> [What to work on] All the lines below should appear again unchanged, though their pictures should not.

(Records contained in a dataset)
################
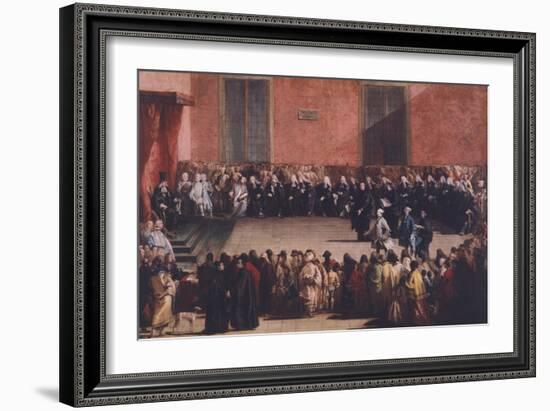 Consillium in Arena-Giandomenico Tiepolo-Framed Giclee Print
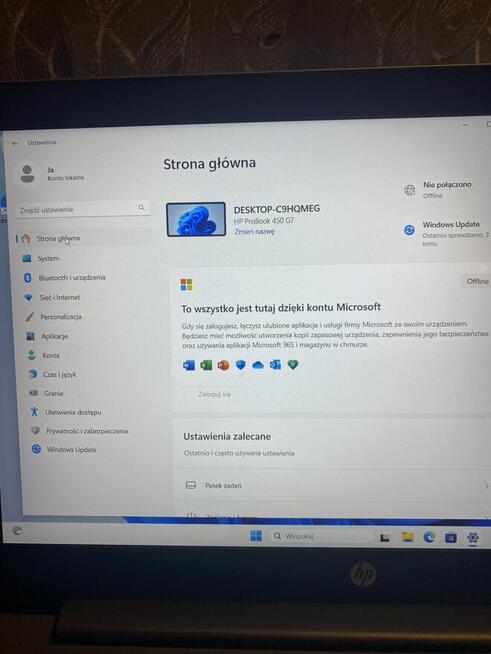 Sprzedam laptopa HP ProBook450G7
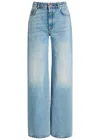 Balmain Straight-leg Jeans In Blue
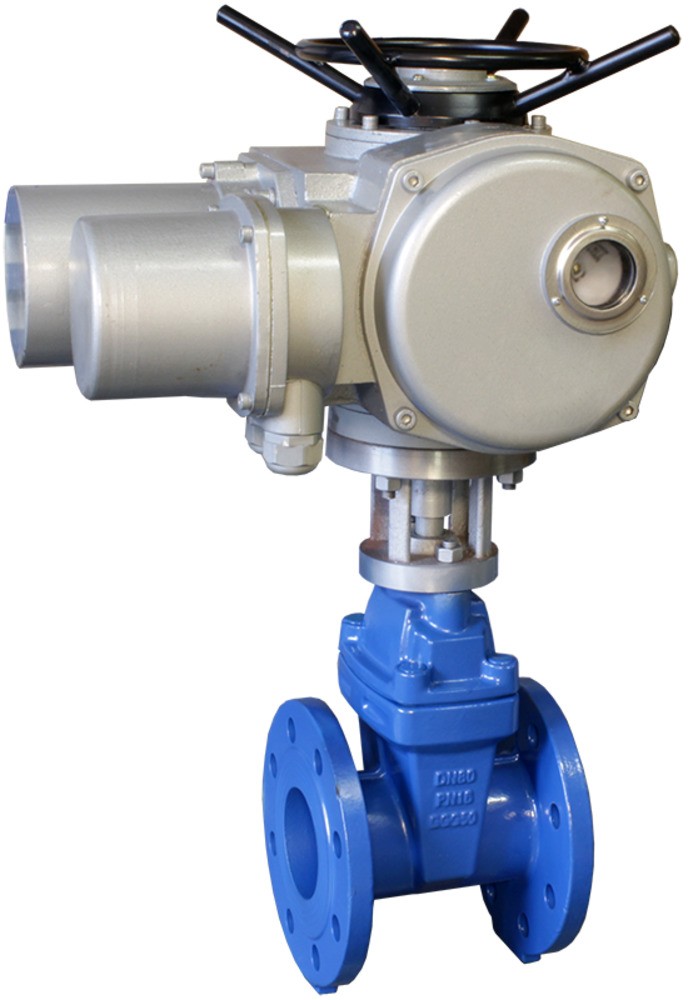 Задвижка клиновая c электроприводом ЭПМ2 КЗРКЭ-12НФ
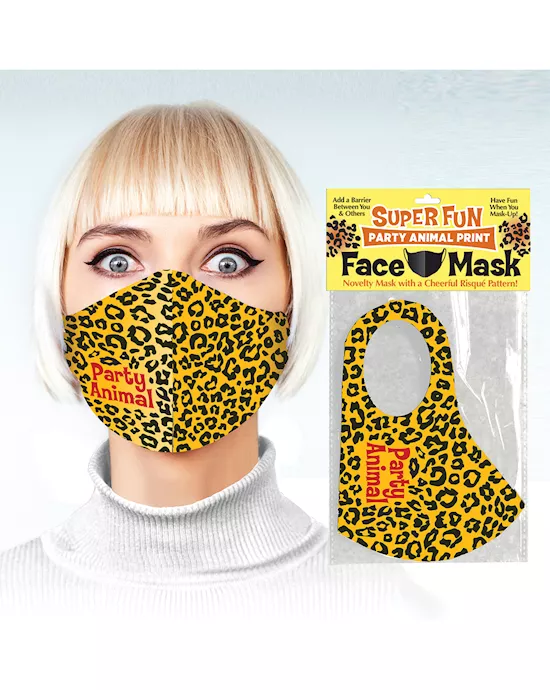 Super Fun Party Animal Print Mask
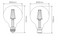 Domus G95 E27 Dimmable LED Filament Lamps and Globes 2700K 6500K Clear 7.2W 240V IP20 - 65940, 65941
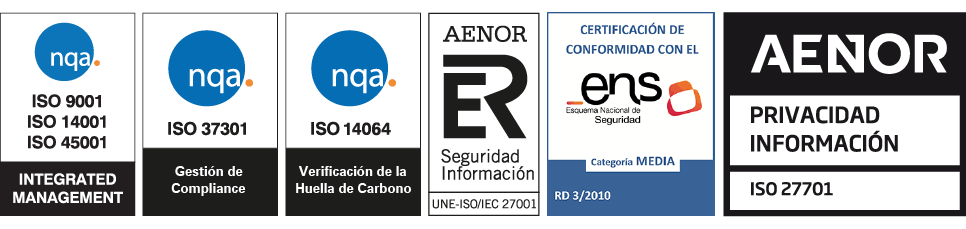 5 certificaciones ISO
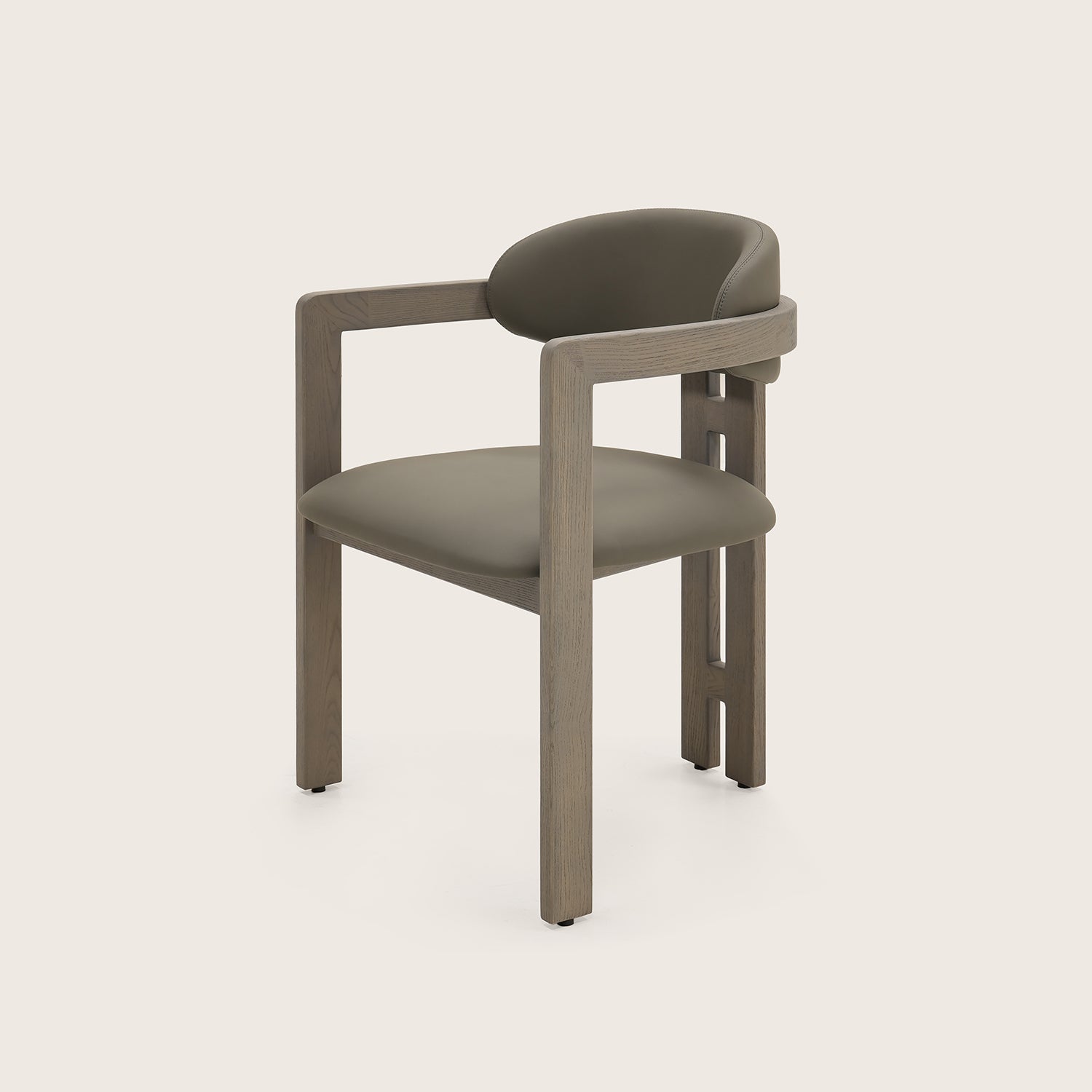 Galore Home Luxe Diner sedia pelle grigia 81 cm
################
> [Final answer]
 Consillium in Arena-Giandomenico Tiepolo-Framed Giclee Print
 Sprzedam laptopa HP ProBook450G7
 Balmain Straight-leg Jeans In Blue
 Задвижка клиновая c электроприводом ЭПМ2 КЗРКЭ-12НФ
 Super Fun Party Animal Print Mask
 Domus G95 E27 Dimmable LED Filament Lamps and Globes 2700K 6500K Clear 7.2W 240V IP20 - 65940, 65941
 5 certificaciones ISO
 Galore Home Luxe Diner sedia pelle grigia 81 cm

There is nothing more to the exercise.